Time: 9:30-11:30am, July. 11th, 2019, Thursday
Venue: RoomA1514, Science Building, North Zhongshan Road Campus
Spreker: Professor Ying Wei , Columbia University
Title 1: Inference of quantile hurdle model with its application in scRNA-seq data
Abstract: Developing differential gene expression (DE) analysis methods for scRNA-seq data is challenging due to the special characteristics of scRNA-seq data. First, multimodality of gene expression and heterogeneity among different cell conditions lead to divergences in the tail events or crossings of the cell distributions. As a result, the existing parametric approaches targeting the mean difference in gene expression levels are limited, while quantile regression that examines various locations in the distribution gives a higher power. In addition, scRNA-seq data generally has a large fraction of dropout events, causing zero-inflation in the expression. We propose a rank-score based test at a fixed quantile under a quantile hurdle model for zero-inflated outcomes, and used a minP procedure to combine the test statistics over multiple quantile level. We evaluated the proposed tests with simulation studies and showed a higher power in detecting true DEGs compared with the existing methods. Also we applied them to a real human scRNA-seq data to study DEGs in neoplastic and regular cells, and successfully detected a group of crucial genes associated with tumor.

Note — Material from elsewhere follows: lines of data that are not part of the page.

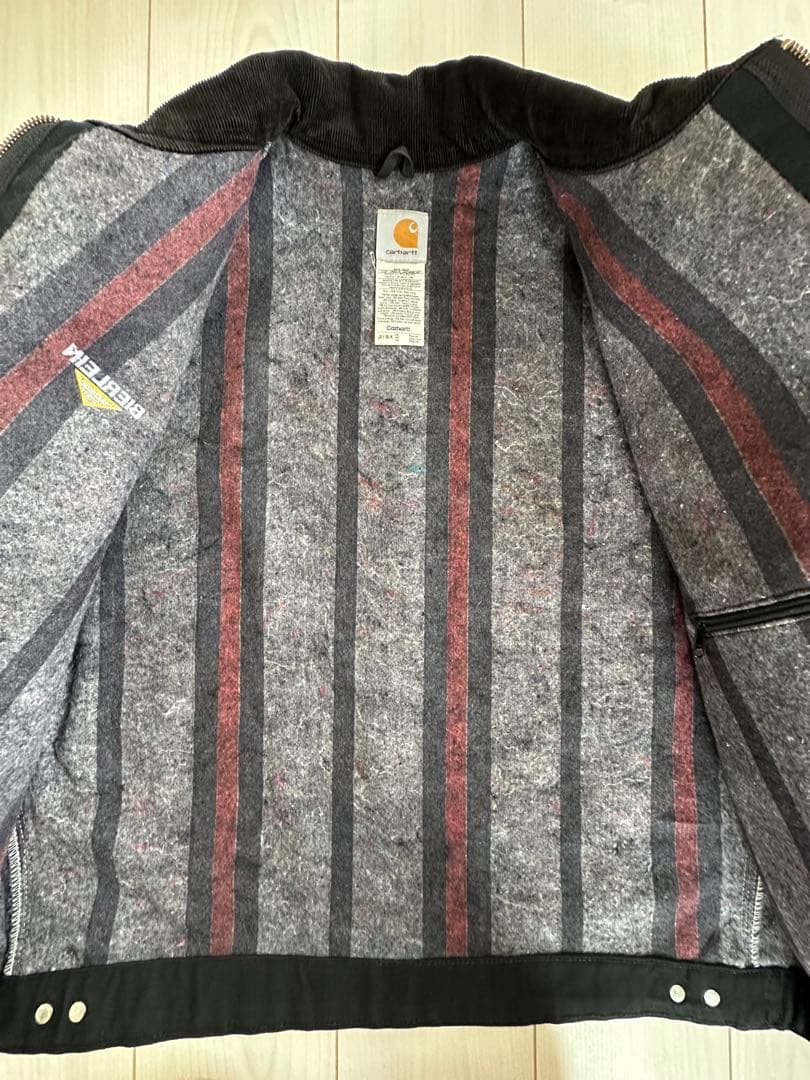 Carhartt J01 BLK ブラックジャケット 48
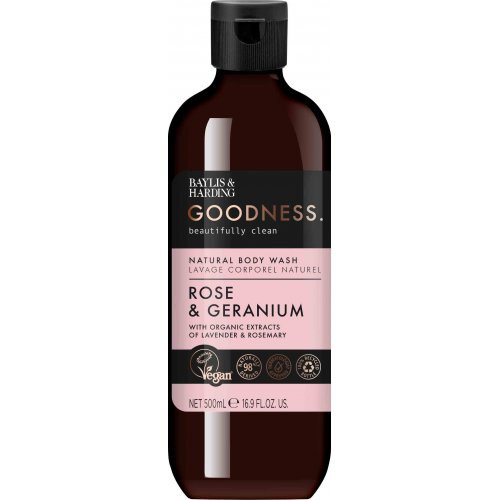 Baylis & Harding Goodness Body Wash Ķermeņa mazgāšanas līdzeklis 500ml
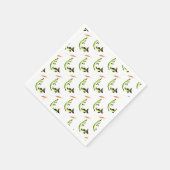 Pike fishing and fly fishing serviette (Ecke)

Title 2: Conditional Quantile Decision Trees and Forest with its application for predicting the risk (Post-Traumatic Stress Disorder) PTSD after experienced an acute coronary syndrome
Abstract: Classification and regression trees (CART) are a classic statistical learning method that efficiently partitions the sample space into mutually exclusive subspaces with the distinctive means of an outcome of interest. It is a powerful tool for efficient subgroup analysis and allows for complex associations and interactions to achieve high prediction accuracy and stability. Hence, they are appealing tools for precision health applications that deal with large amounts of data from EMRs, genomics, and mobile data and aim to provide a transparent decision mechanism. Although there is a vast literature on decision trees and random forests, most algorithms identify subspaces with distinctive outcome means. The most vulnerable or high-risk groups for certain diseases are often patients with extremely high (or low) biomarker and phenotype values. However, means-based partitioning may not be effective for identifying patients with extreme phenotype values. We propose a new regression tree framework based on quantile regression that partitions the sample space and predicts the outcome of interest based on conditional quantiles of the outcome variable. We implemented and evaluated the performance of the conditional quantile trees/forests to predict the risk of developing PTSD after experiencing an acute coronary syndrome (ACS), using an observational cohort data from the REactions to Acute Care and Hospitalization (REACH) study at New York Presbyterian Hospital. The results show that the conditional quantile based trees/forest have better discrimination power to identify patients with severe PTSD symptoms, in comparison to the classical mean based CART.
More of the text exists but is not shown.